Lagrotteria gets her clients to use storythinking, the process of building narratives that help them engage with possible outcomes. This is separate from storytelling, which is about communicating a message you’ve already developed. “Everyone can think in story,” she said. “You know, you don’t have to turn up the Mona Lisa. You just have to follow a story through and get to know people’s characters.” Storythinking activates the deep brain to get you away from logic and memory, where only 5 percent of creativity lives.
The elements of story you learned in school directly correlate to your business:
- Character → seeing things from someone else’s perspective
- Setting → world building, or the company culture you’re creating
- Plot → planning your day, quarter, etc.
- Narrator → getting to the “why” of a situation
Next time you’re facing a hard task or negotiation, trying using a story framework to get to the bottom of it. Try inhabiting the perspective of a person who does that task easily and see what solutions or mindset shifts you come up with.
Nurture creativity in your teams and yourself.
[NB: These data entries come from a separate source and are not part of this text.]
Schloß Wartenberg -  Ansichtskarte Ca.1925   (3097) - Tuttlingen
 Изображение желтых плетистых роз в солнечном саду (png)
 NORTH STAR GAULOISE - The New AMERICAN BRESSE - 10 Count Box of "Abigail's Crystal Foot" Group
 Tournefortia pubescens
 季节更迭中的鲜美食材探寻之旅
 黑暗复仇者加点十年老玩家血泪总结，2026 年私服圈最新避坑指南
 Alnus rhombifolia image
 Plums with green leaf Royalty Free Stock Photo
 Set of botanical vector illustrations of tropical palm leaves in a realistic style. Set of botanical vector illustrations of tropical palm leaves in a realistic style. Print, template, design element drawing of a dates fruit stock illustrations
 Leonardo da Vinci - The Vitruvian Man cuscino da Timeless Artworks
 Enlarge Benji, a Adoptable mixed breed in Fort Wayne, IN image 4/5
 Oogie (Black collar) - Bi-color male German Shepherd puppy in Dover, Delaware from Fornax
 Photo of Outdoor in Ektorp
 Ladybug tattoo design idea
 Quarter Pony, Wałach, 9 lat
Doing Lagrotteria’s exercises with team members is a great way to unlock new ways of thinking. Other ways to make space for creativity are:
- Create a “Yes, and” environment. Make a rule that no ideas are immediately shut down during brainstorming sessions. Instead, think of additions to that idea that would make it more feasible.
- Make the time. Everyone, but especially creative entrepreneurs (for example, graphic designers), should dedicate time to taking in art that inspires them.
- Read a biography. Lagrotteria’s number-one recommendation for reigniting creativity is reading a biography. Getting deep into someone else’s story is a great way to shift your perspective.
- Defend someone else’s big idea. Consider putting team members with opposing ideas into duos, and have them swap positions. When they practice defending a different perspective, each person stretches themself to think differently.
Looming deadlines can make these experiments seem like a waste of time. However, when you remember that your next big problem-solving product can come from a seemingly random brainstorming session, you may move them to the top of your to-do list.
Try these storythinking exercises.
Lagrotteria shared these exercises during her session.
Exercise 1- Shift to Storythinking:
Think of a person who is important to you and write down 3 “to be” sentences that describe them.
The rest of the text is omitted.